Is it correct? I do not think so, since I am not able to see how to apply the inductive step i.e. $n+1$, since there is $a_{\color{red}{n+2}}$, $a_{\color{red}{n+1}}$ and $a_{\color{red}n}$.

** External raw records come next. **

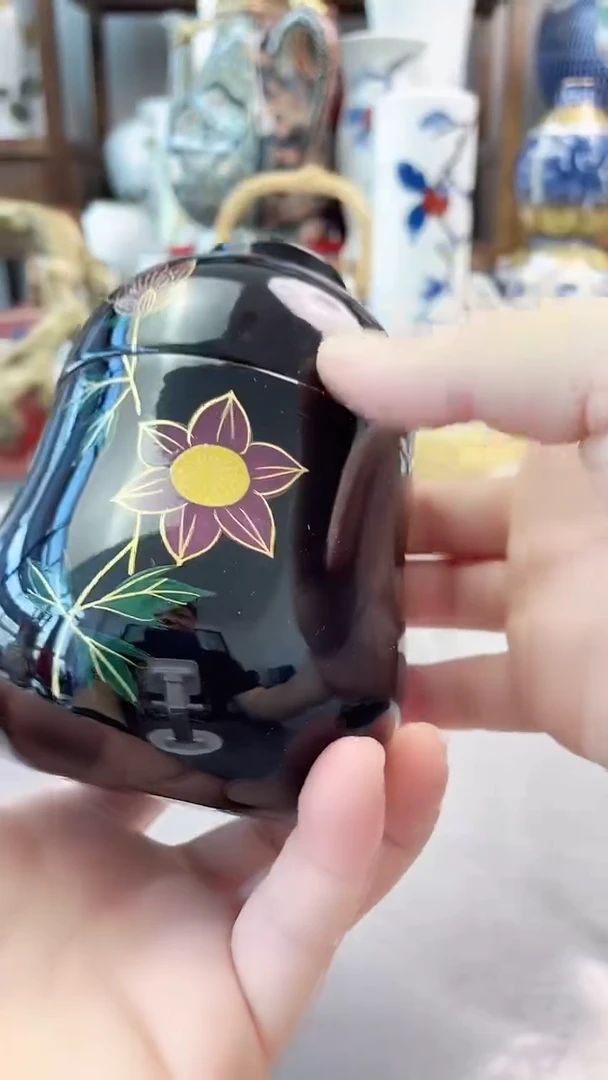 瓷片日产葫芦型罐子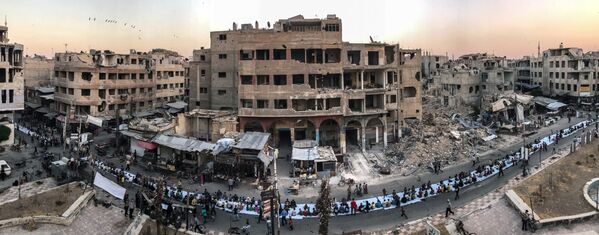 صورة بعنوان Iftar Amongst the Ruins، للمصور محمد بدرة، الحائزة على المركز الأول في فئة الأخبار - سبوتنيك عربي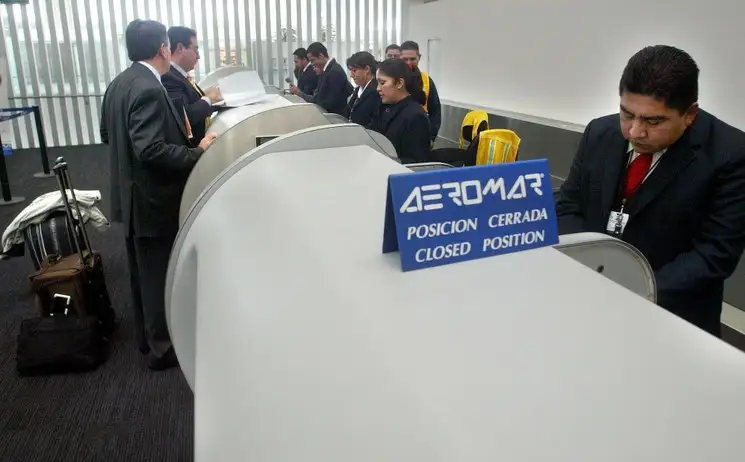 Aspecto de las bahías de la aerolínea Aeromar, en la Terminal 2, el 06 de Noviembre de 2007. LA JORNADA/ Marco Pelaez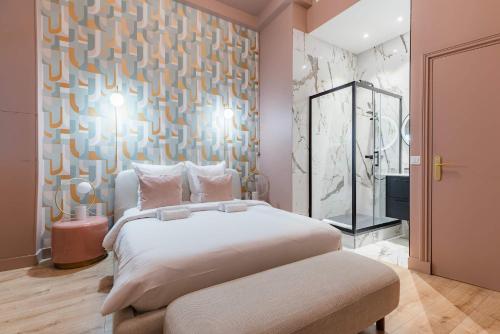Spacious and elegant 2BR airconditioned Trocadéro
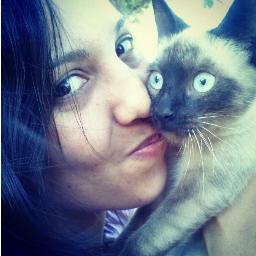 Diasgomes89's profile picture. ... Sou louca por que esse mundo não merece a minha lucidez...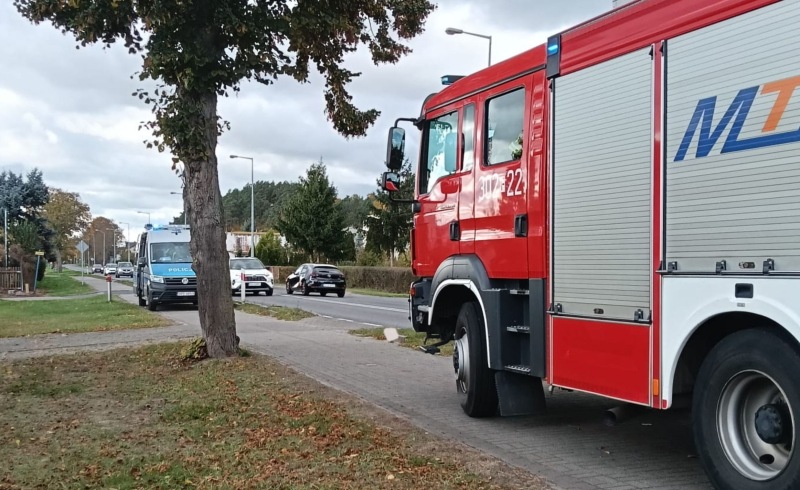 4/5 Wypadek w Jeninie. Motocyklista uderzył w drzewo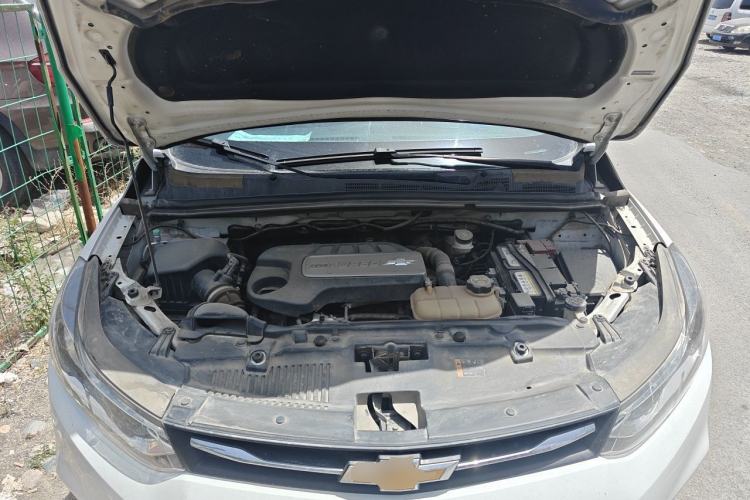 Used Chevrolet Trax 2018 330T Automatic Two-Wheel Drive Elite Model Engine Bay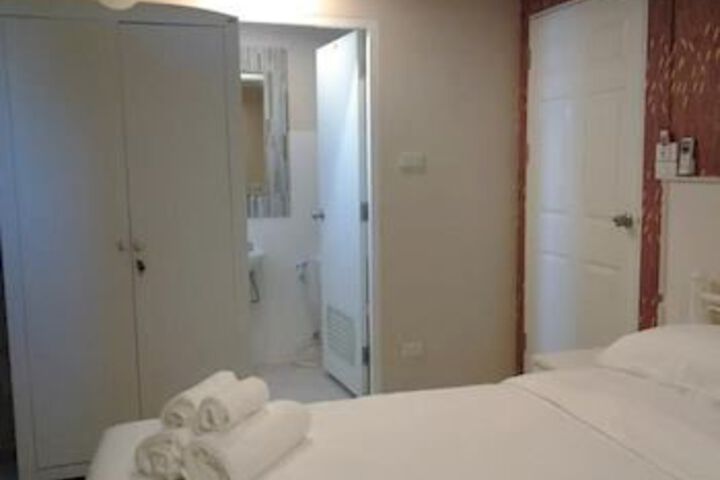 Room 14 of 39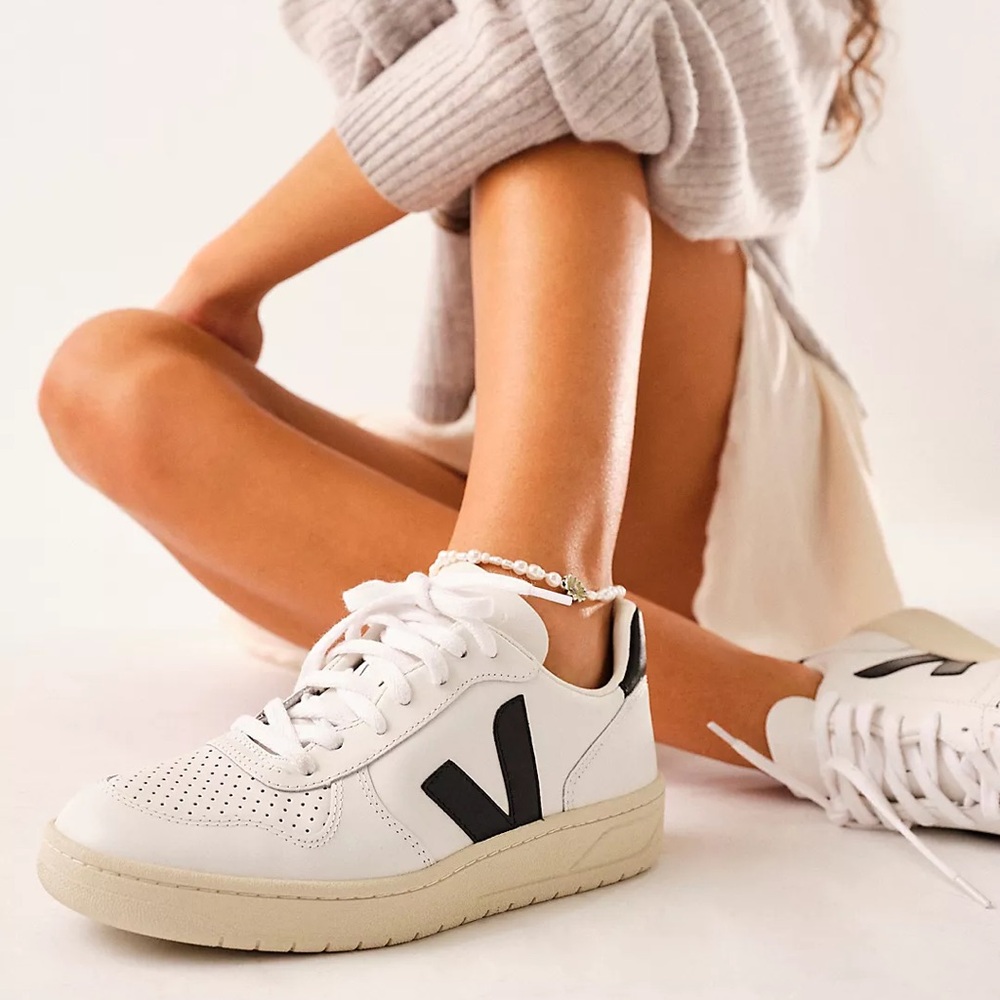 Veja V-10 Sneakers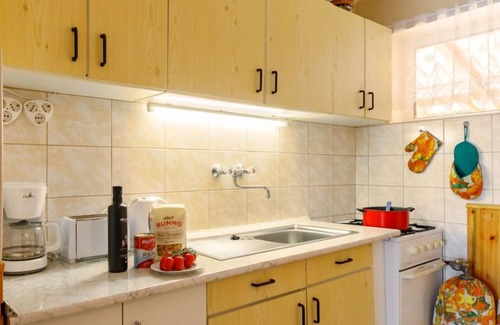 Balatonszarszo House | Vacation home Jazmin by Interhome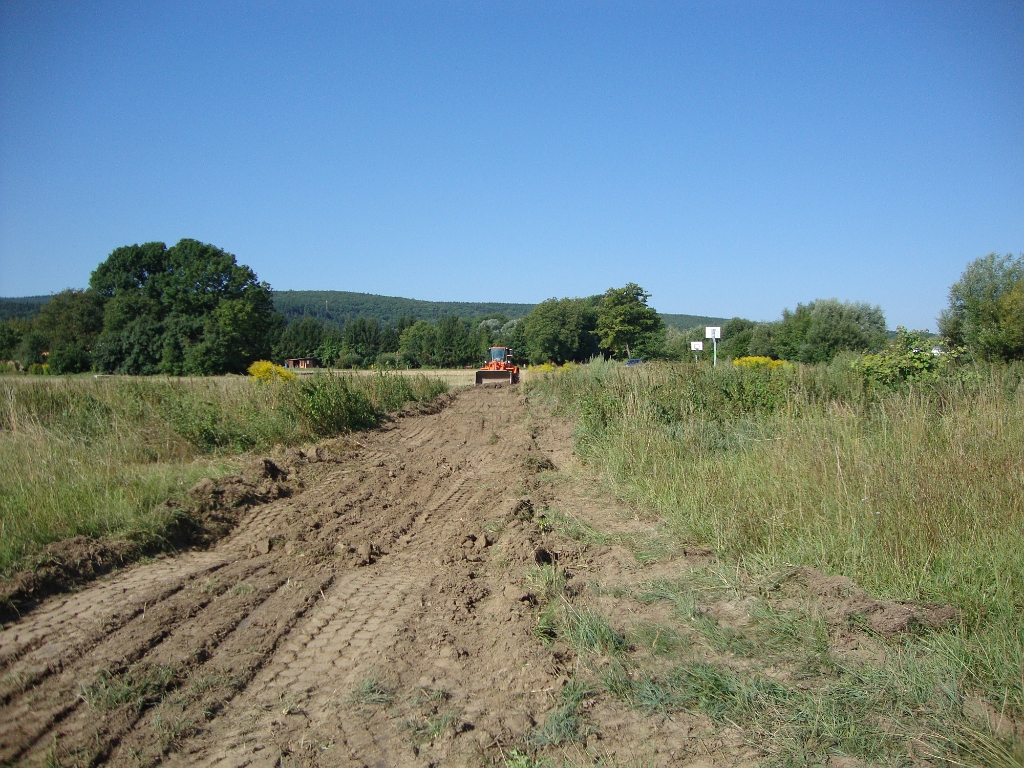 Erdarbeiten Sportplatz Neu 004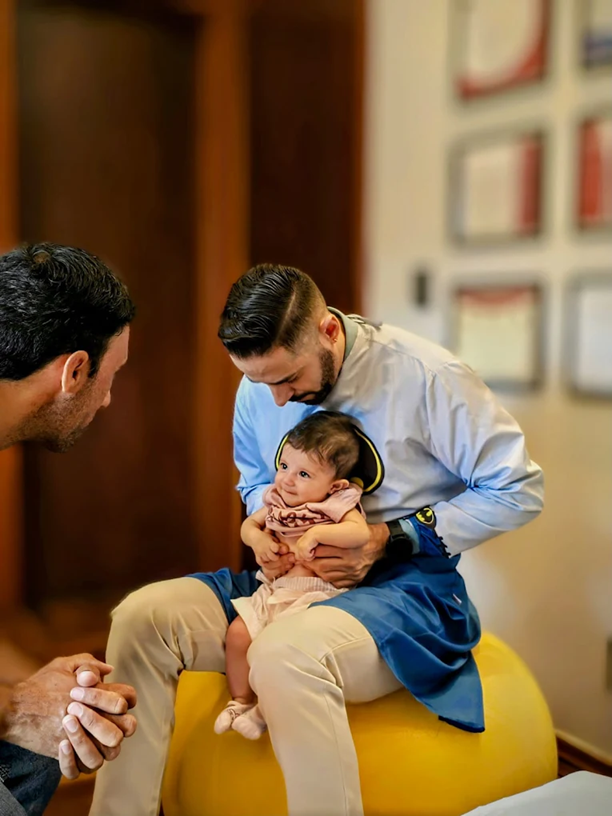 Atendimento acolhedor com a família presente durante a sessão do bebê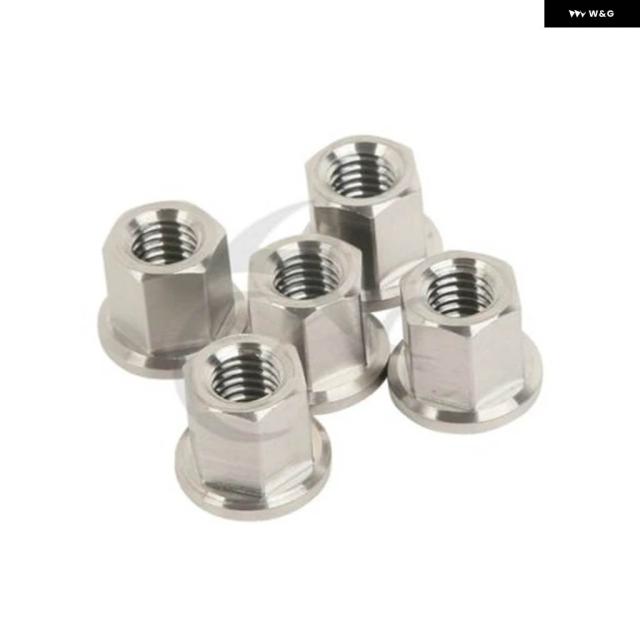汎用 8MM M8 X 1.25 ピッチ チタン製 エキゾースト マニホールド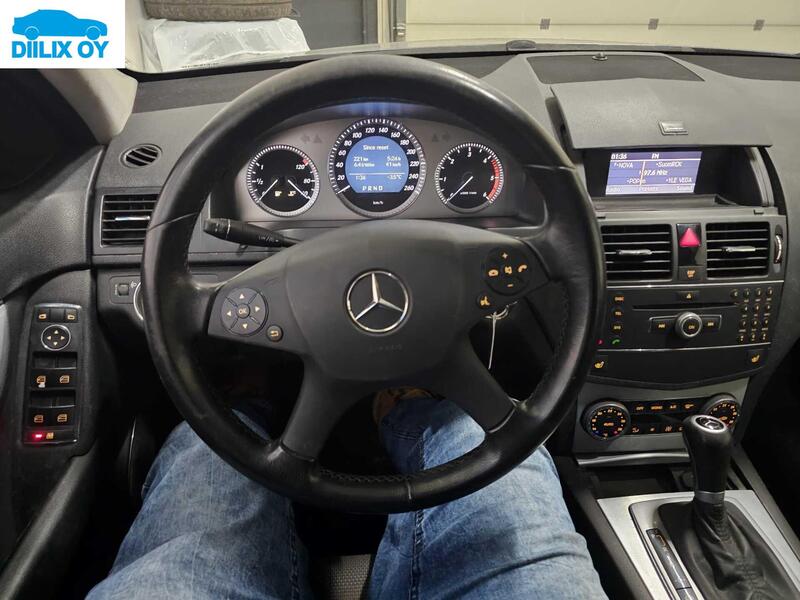 Mercedes-Benz C vaihtoauto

$\color{red}{\text{ADDED.}}$ Another question. If we have to prove that our solution satisfies the recurrence relation, do we ALWAYS have to replace the particular solution (if initial conditions are given) and repace the general solution if there are not initial conditions?
Thanks!!
$\color{blue}{\text{Added.}}$
Best Answer
That is not how to do proof by induction in this case. First we assume that the formula is true for some $k$ and $k+1$ where $k \in\mathbb{N}$. Then we have from the formula found: $$a_k=\frac34(-1)^k-\frac45(-2)^k+\frac1{20}3^k$$ $$a_{k+1}=\frac34(-1)^{k+1}-\frac45(-2)^{k+1}+\frac1{20}3^{k+1}$$ By using the original recurrence relation we can get $a_{k+2}$; $$a_{k+2}=3^{k}-3a_{k+1}-2a_k$$ $$=3^{k}-3(\frac34(-1)^{k+1}-\frac45(-2)^{k+1}+\frac1{20}3^{k+1})-2(\frac34(-1)^k-\frac45(-2)^k+\frac1{20}3^k)$$ $$=3^k(1-\frac{9}{20}-\frac{2}{20})+(-2)^k(-\frac{24}{5}+\frac{8}{5})+(-1)^k(\frac{9}{4}-\frac{6}{4})$$ $$=3^k(\frac{9}{20})+(-2)^k(-\frac{16}{5})+(-1)^k(\frac{3}{4})$$ $$=3^{k+2}(\frac{1}{20})-(-2)^{k+2}(\frac{4}{5})+(-1)^{k+2}(\frac{3}{4})$$ $$=\frac34(-1)^{k+2}-\frac45(-2)^{k+2}+\frac1{20}3^{k+2}$$ Thus, if it is true for some $k$ and $k+1$ where $k \in \mathbb{N}$, it is also true for $k+2$. As you have proven it is true for $k=0$ and $k+1=1$, it must be true for all positive integers by induction.